[Excerpts from a dataset]
==========
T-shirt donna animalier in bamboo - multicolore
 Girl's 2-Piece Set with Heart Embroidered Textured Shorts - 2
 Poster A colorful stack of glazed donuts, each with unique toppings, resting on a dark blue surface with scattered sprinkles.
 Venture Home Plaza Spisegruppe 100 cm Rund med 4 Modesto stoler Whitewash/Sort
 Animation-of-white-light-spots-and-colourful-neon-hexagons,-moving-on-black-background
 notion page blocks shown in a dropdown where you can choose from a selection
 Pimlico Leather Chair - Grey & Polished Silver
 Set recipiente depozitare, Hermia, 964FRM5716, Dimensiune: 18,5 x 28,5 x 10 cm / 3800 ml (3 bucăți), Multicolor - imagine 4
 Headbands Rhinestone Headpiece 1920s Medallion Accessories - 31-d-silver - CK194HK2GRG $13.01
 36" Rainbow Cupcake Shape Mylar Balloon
==========
_PROBLEM STATEMENT:_ Read through the records above and copy the lines that contain "with".

_ANSWER TO THE EXERCISE:_
 Girl's 2-Piece Set with Heart Embroidered Textured Shorts - 2
 Poster A colorful stack of glazed donuts, each with unique toppings, resting on a dark blue surface with scattered sprinkles.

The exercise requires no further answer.